You are viewing a plain text version of this content. The canonical link for it is here.
Posted to common-issues@hadoop.apache.org by "Steve Loughran (Jira)" <ji...@apache.org> on 2022/02/21 12:45:00 UTC

[jira] [Commented] (HADOOP-18132) S3 exponential backoff

    [ https://issues.apache.org/jira/browse/HADOOP-18132?page=com.atlassian.jira.plugin.system.issuetabpanels:comment-tabpanel&focusedCommentId=17495506#comment-17495506 ] 

Steve Loughran commented on HADOOP-18132:
-----------------------------------------

holden,

as John Zhuge noted, this is already done.
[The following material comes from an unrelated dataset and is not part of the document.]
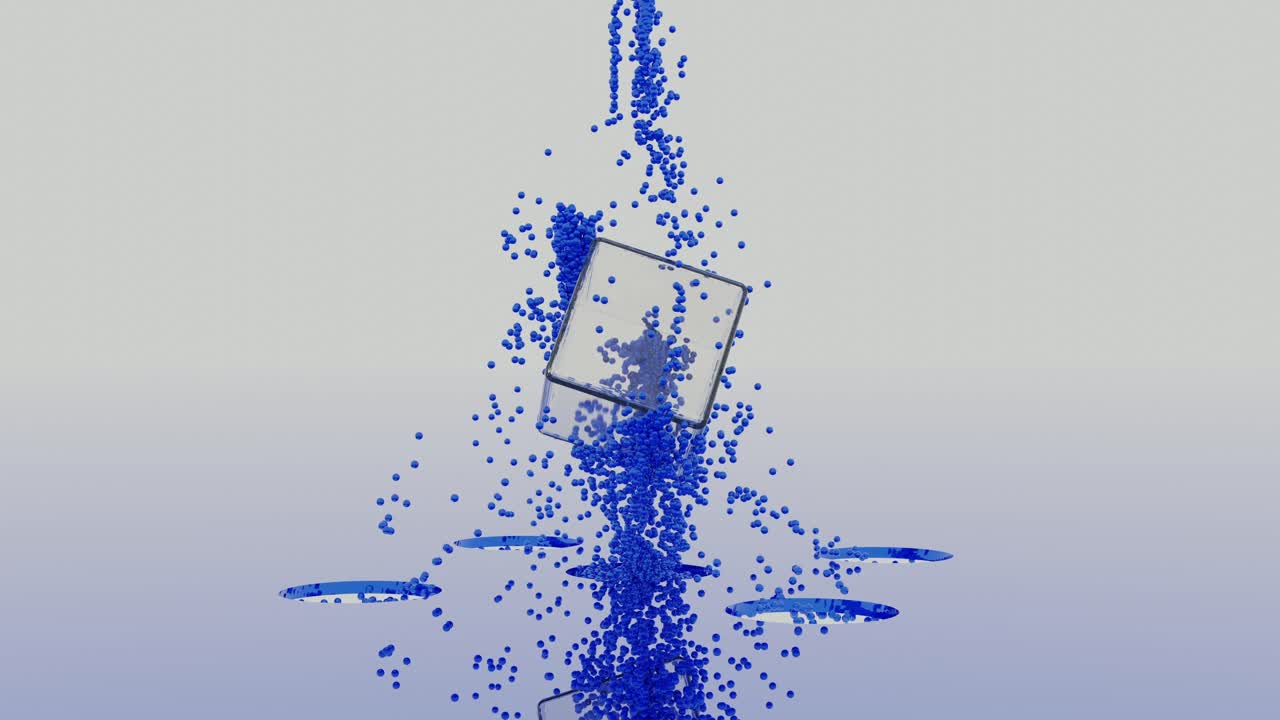 유리 큐브에 떨어지는 파란 구의 추상적인 3d 렌더링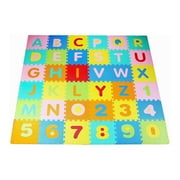 BalanceFrom 36-Pack 12”x12” Interlocking Puzzle Play Mat, 0.4” Thick, Alphabet & Numbers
* AWS SDK does its own throttling. you can disable this in  "fs.s3a.experimental.aws.s3.throttling", pushing it all up to the s3a code. but the copy operations during a rename don't have s3a code around it, so this isn't safe.
* the wrapping uses fs.s3a.retry.throttle.interval (500ms) for fs.s3a.retry.throttle.limit limit (20) as inputs to exponentialBackoffRetry(). see S3ARetryPolicy.


in MAPREDUCE-7341 I'm adding RateLimiter use to ensure that load against an abfs store stays below the throttle point. this is because abfs renames are a bit flaky once things overload.

now we have cut s3guard out of trunk, once the MAPREDUCE-7341 is in there's an opportunity for someone to provide rate limiting in s3a so we could limit the submission rate of operations to below the point where throttling occurs. i believe that staying below that sleep/backoff/retry point will actually deliver more throughput than recovery, because of all those pauses. it will also let us run background jobs with lower allocated capacity than the priority ones.

now, are you seeing real problems here?

1. look at HADOOP-16823. Are you doing big delete operations? and seeing problems there? as every delete in the bulk operation is a single write call. you can control the page size to spread load there and ensure the retries don't trigger throttling again.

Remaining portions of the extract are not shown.